ACTIVITY: No picture belongs in the copy. Repeat each line below exactly.

[RECORDS FOR THIS EXERCISE Boundary: Start]

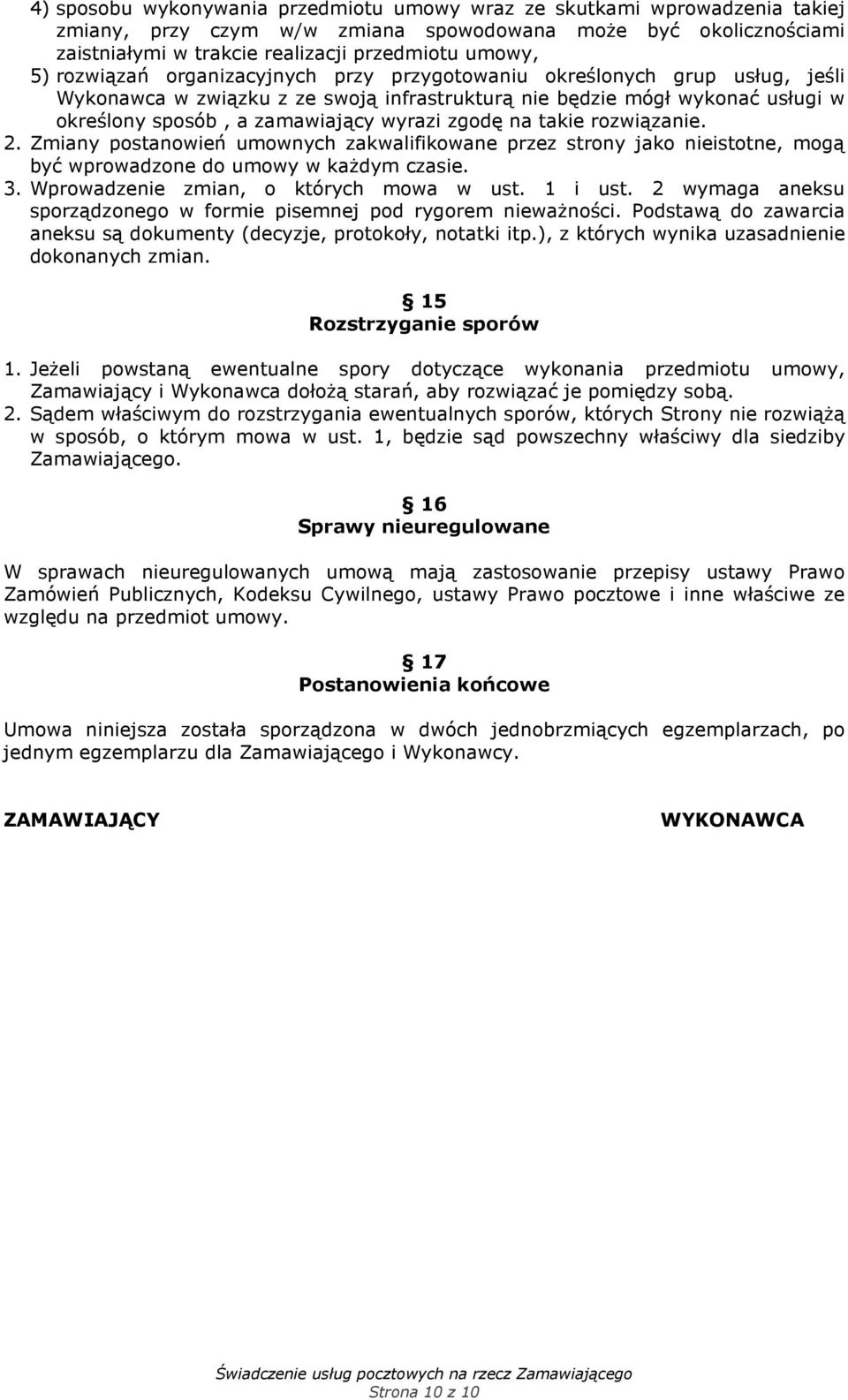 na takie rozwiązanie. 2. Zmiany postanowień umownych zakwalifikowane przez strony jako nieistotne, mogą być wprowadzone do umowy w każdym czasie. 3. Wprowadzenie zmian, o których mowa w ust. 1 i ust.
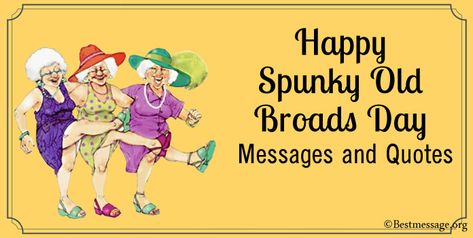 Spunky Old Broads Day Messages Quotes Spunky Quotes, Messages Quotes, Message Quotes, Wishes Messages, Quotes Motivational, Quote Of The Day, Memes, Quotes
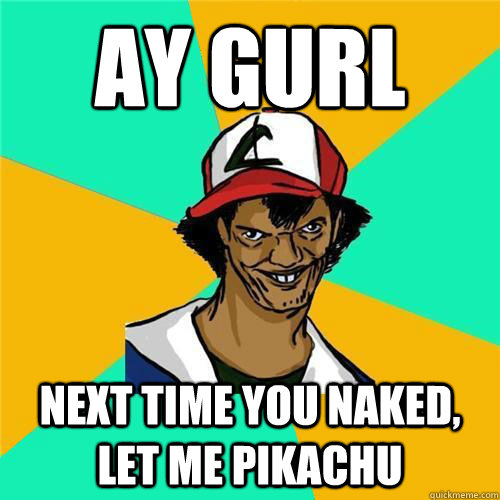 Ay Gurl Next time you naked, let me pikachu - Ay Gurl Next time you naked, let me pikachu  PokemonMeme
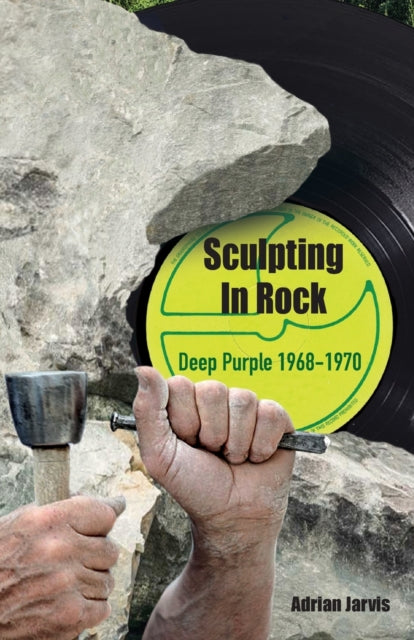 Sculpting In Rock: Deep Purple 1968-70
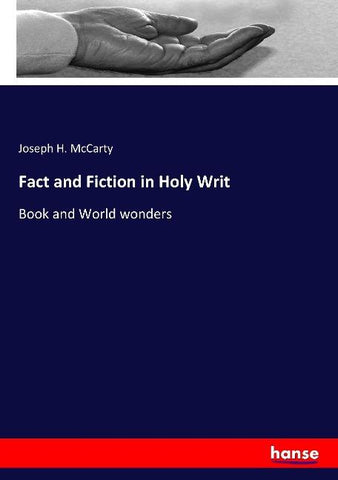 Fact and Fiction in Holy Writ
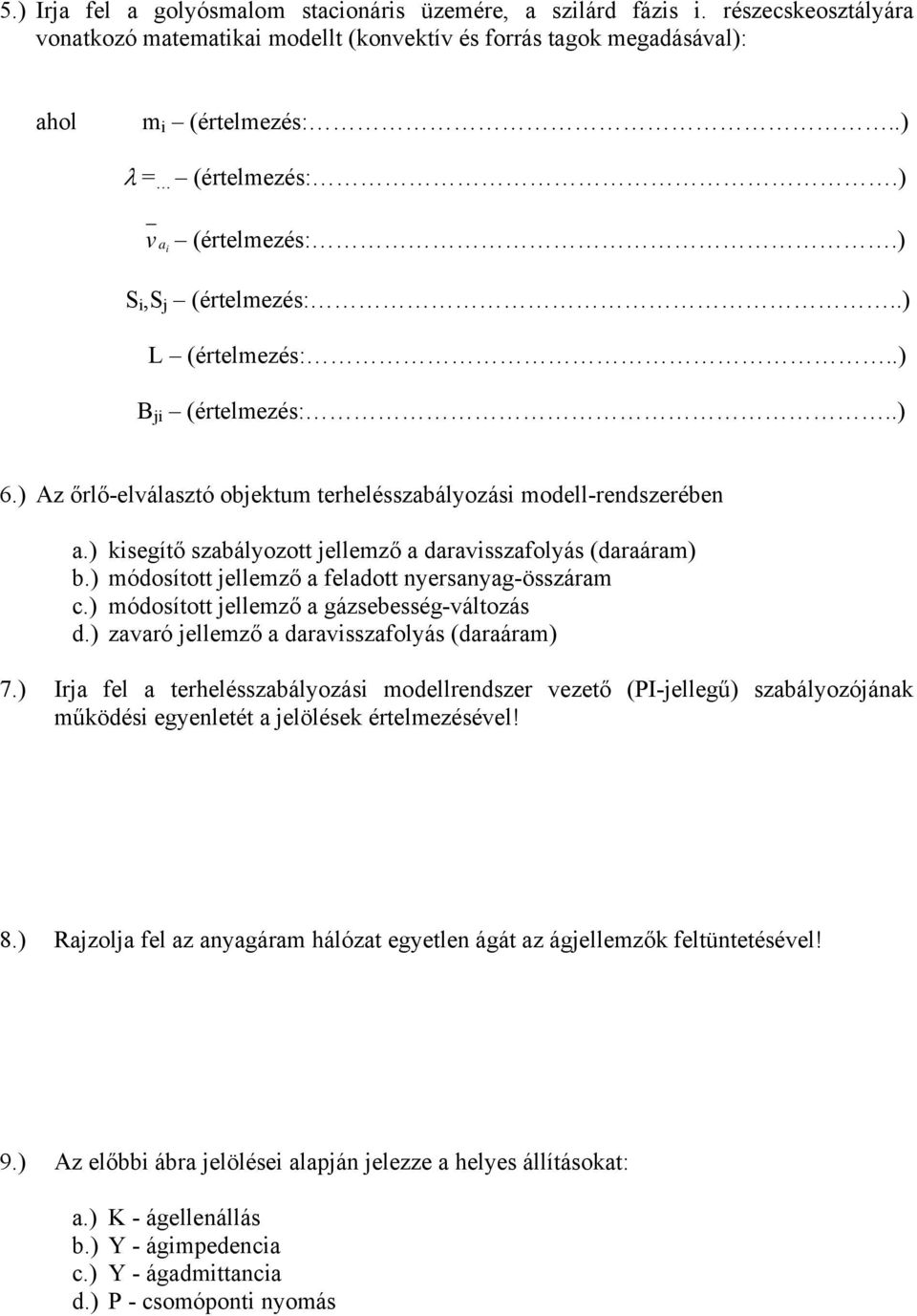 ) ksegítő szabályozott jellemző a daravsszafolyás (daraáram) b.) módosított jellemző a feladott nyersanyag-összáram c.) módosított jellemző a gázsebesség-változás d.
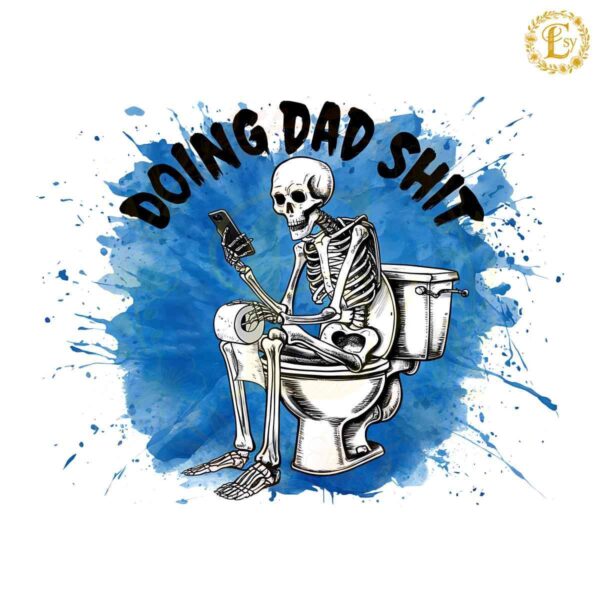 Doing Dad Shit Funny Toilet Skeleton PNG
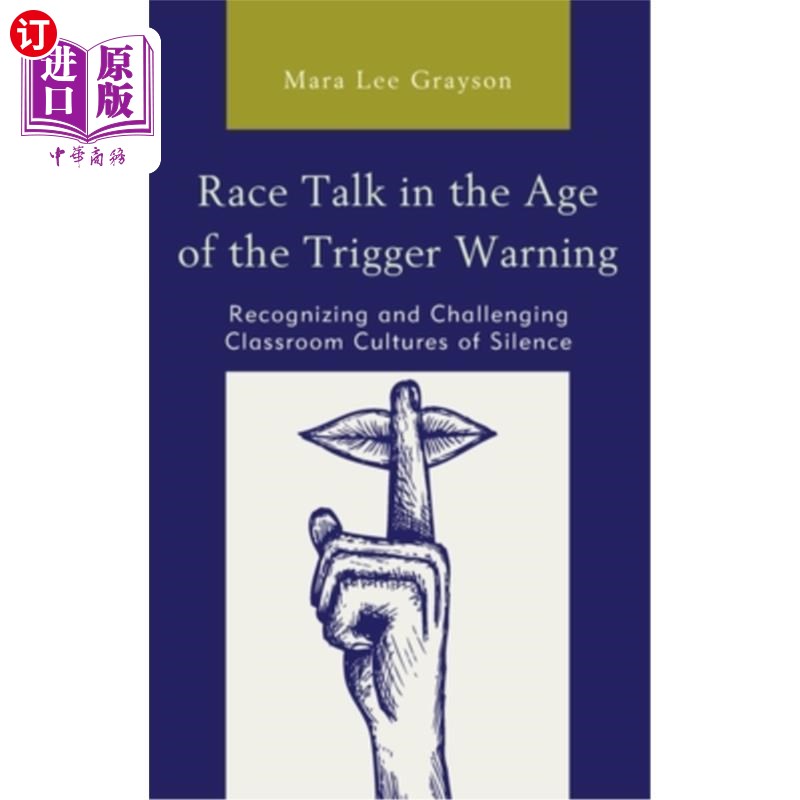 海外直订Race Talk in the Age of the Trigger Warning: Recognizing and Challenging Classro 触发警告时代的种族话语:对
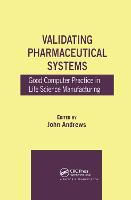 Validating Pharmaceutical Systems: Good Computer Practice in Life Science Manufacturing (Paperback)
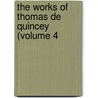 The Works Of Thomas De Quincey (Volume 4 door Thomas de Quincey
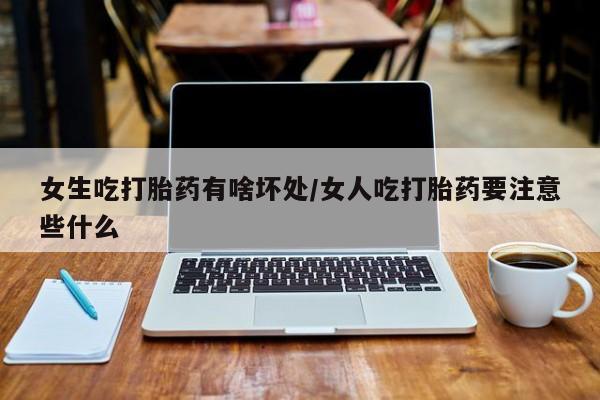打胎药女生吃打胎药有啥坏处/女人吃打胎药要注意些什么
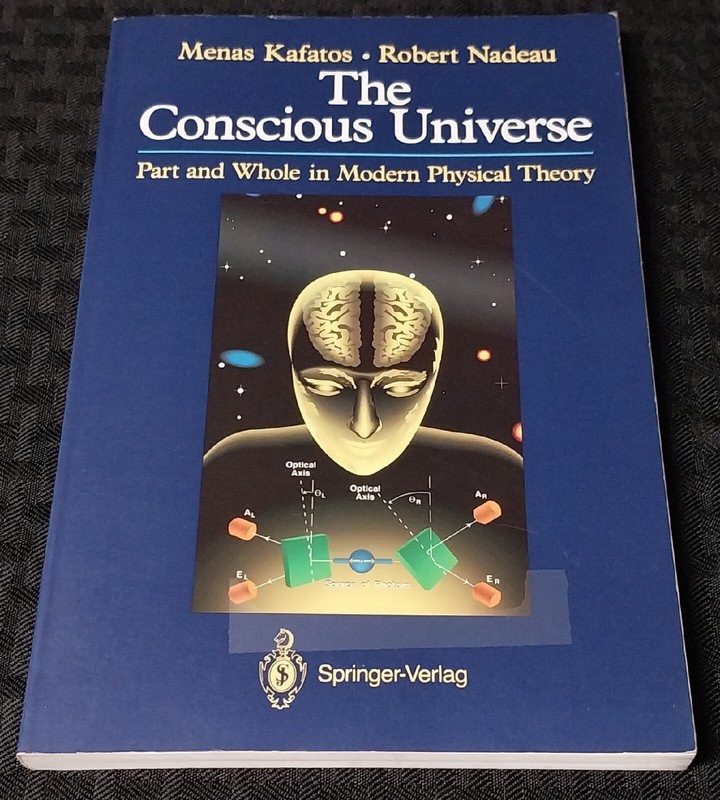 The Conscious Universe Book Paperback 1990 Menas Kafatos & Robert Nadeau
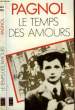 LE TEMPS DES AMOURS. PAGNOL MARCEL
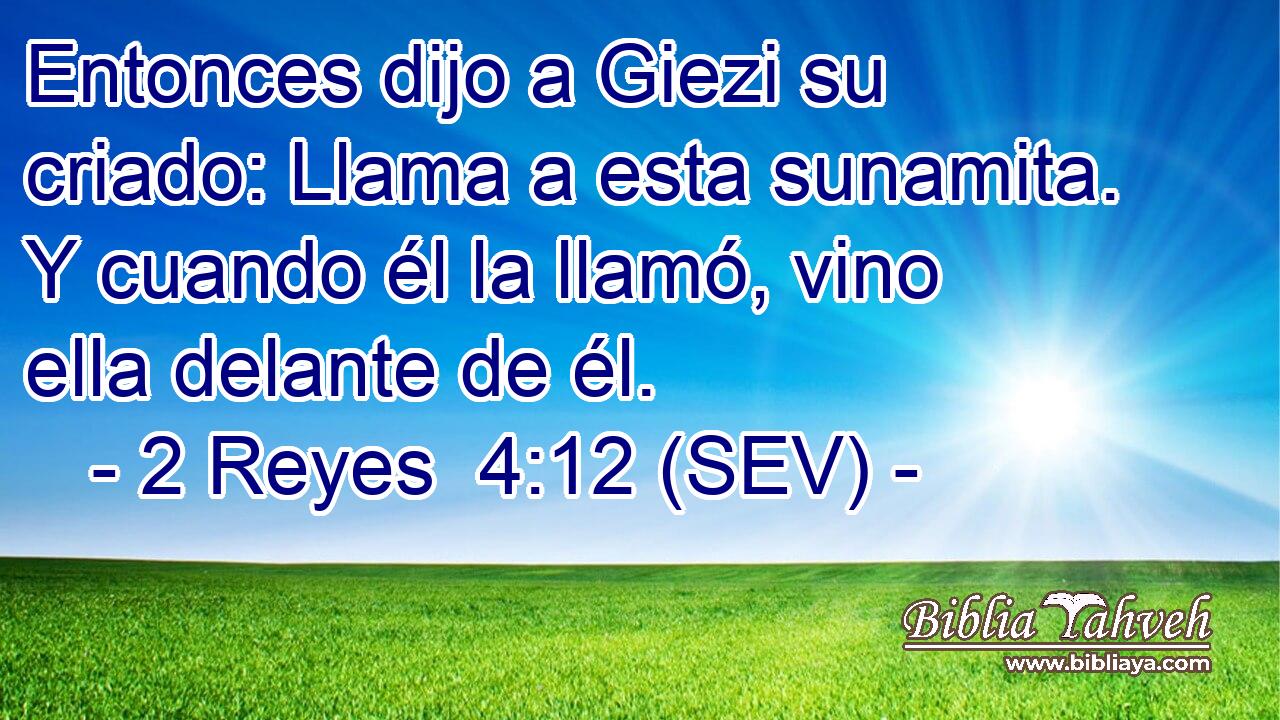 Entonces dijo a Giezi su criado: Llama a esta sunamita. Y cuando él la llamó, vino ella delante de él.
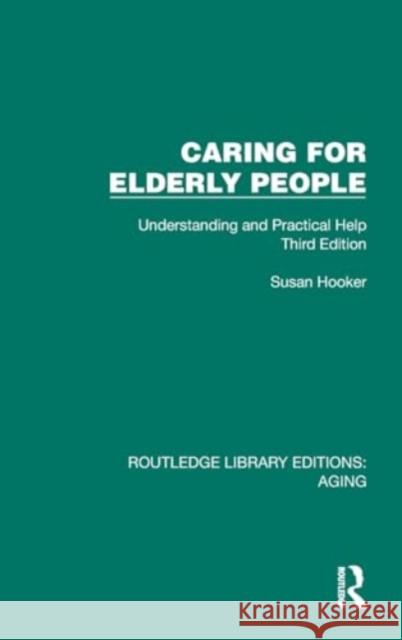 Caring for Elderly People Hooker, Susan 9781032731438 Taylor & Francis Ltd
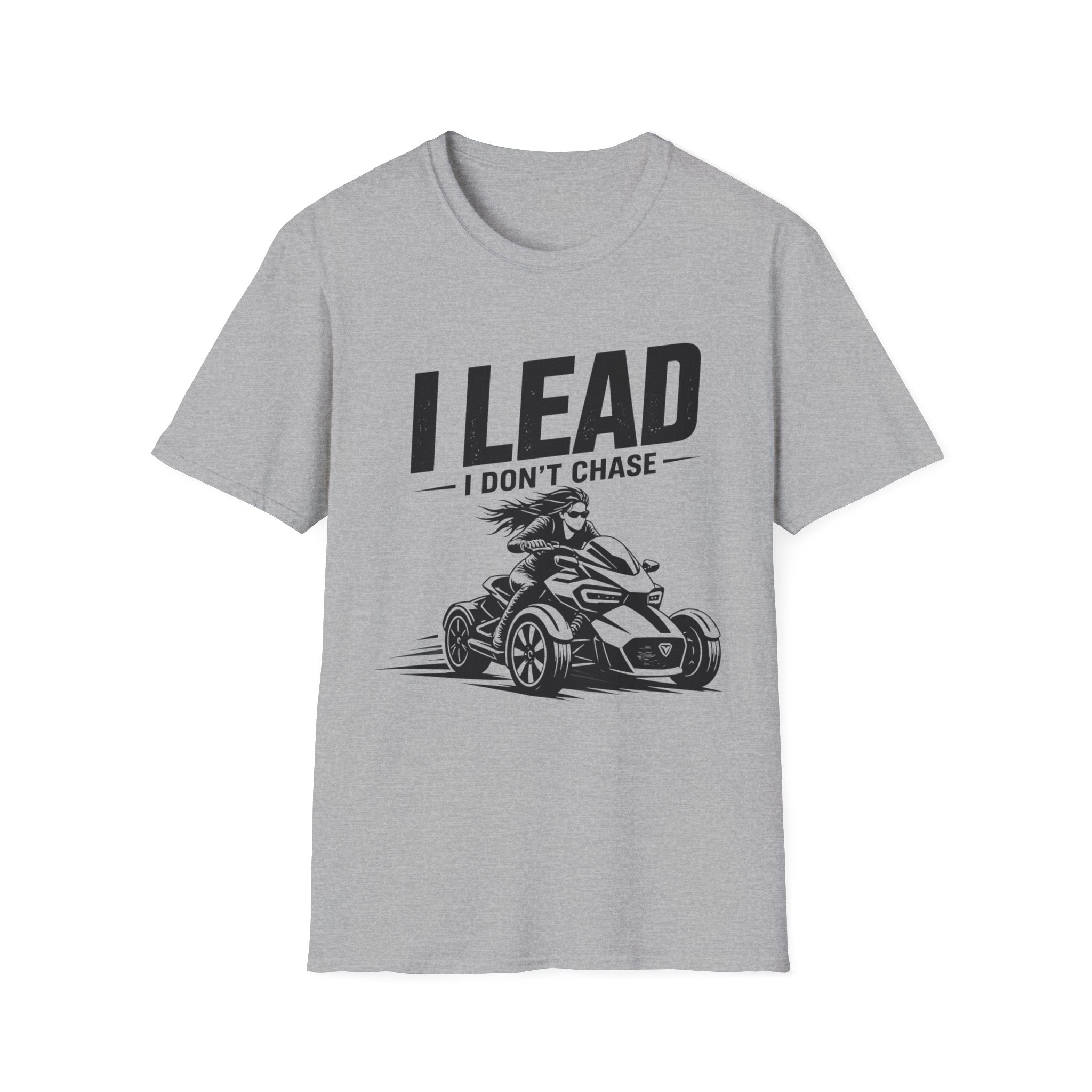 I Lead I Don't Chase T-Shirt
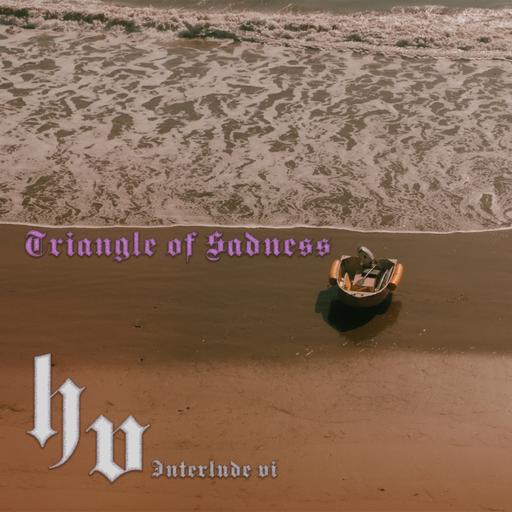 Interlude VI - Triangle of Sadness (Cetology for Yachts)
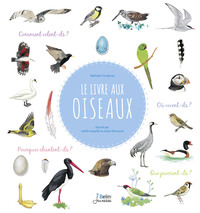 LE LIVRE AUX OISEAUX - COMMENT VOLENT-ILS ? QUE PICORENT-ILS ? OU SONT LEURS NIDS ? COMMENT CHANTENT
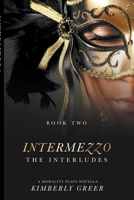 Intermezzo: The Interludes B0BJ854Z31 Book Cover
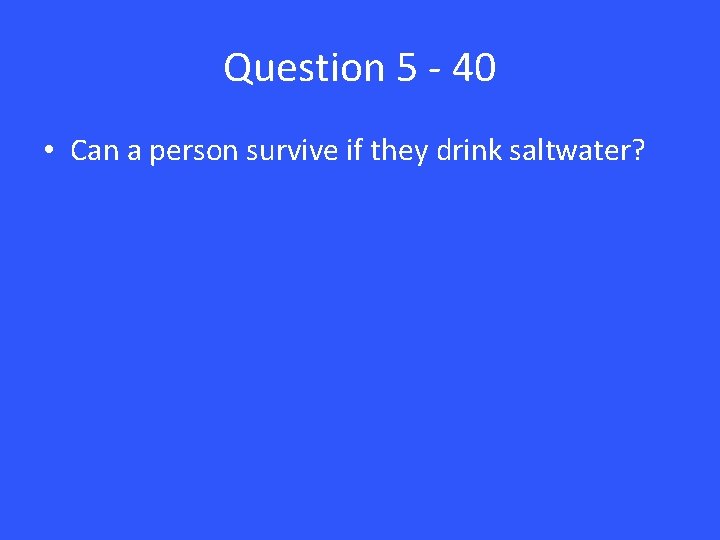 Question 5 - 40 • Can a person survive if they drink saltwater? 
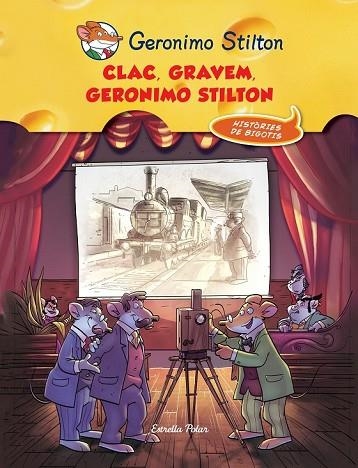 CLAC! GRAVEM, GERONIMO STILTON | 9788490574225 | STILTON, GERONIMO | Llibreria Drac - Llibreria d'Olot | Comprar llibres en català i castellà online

[RECORDS FOR THIS EXERCISE Boundary: End]

EXERCISE RESPONSE:
 na takie rozwiązanie. 2. Zmiany postanowień umownych zakwalifikowane przez strony jako nieistotne, mogą być wprowadzone do umowy w każdym czasie. 3. Wprowadzenie zmian, o których mowa w ust. 1 i ust.
 Spunky Old Broads Day Messages Quotes Spunky Quotes, Messages Quotes, Message Quotes, Wishes Messages, Quotes Motivational, Quote Of The Day, Memes, Quotes
 Ay Gurl Next time you naked, let me pikachu - Ay Gurl Next time you naked, let me pikachu  PokemonMeme
 Sculpting In Rock: Deep Purple 1968-70
 Fact and Fiction in Holy Writ
 ) ksegítő szabályozott jellemző a daravsszafolyás (daraáram) b.) módosított jellemző a feladott nyersanyag-összáram c.) módosított jellemző a gázsebesség-változás d.
 Doing Dad Shit Funny Toilet Skeleton PNG
 海外直订Race Talk in the Age of the Trigger Warning: Recognizing and Challenging Classro 触发警告时代的种族话语:对
 Validating Pharmaceutical Systems: Good Computer Practice in Life Science Manufacturing (Paperback)
 The Works Of Thomas De Quincey (Volume 4 door Thomas de Quincey
打胎药女生吃打胎药有啥坏处/女人吃打胎药要注意些什么
 The Conscious Universe Book Paperback 1990 Menas Kafatos & Robert Nadeau
 LE TEMPS DES AMOURS. PAGNOL MARCEL
 Entonces dijo a Giezi su criado: Llama a esta sunamita. Y cuando él la llamó, vino ella delante de él.
 Caring for Elderly People Hooker, Susan 9781032731438 Taylor & Francis Ltd
 I Lead I Don't Chase T-Shirt
 Interlude VI - Triangle of Sadness (Cetology for Yachts)
 LE LIVRE AUX OISEAUX - COMMENT VOLENT-ILS ? QUE PICORENT-ILS ? OU SONT LEURS NIDS ? COMMENT CHANTENT
 Intermezzo: The Interludes B0BJ854Z31 Book Cover
 Question 5 - 40 • Can a person survive if they drink saltwater? 
 CLAC! GRAVEM, GERONIMO STILTON | 9788490574225 | STILTON, GERONIMO | Llibreria Drac - Llibreria d'Olot | Comprar llibres en català i castellà online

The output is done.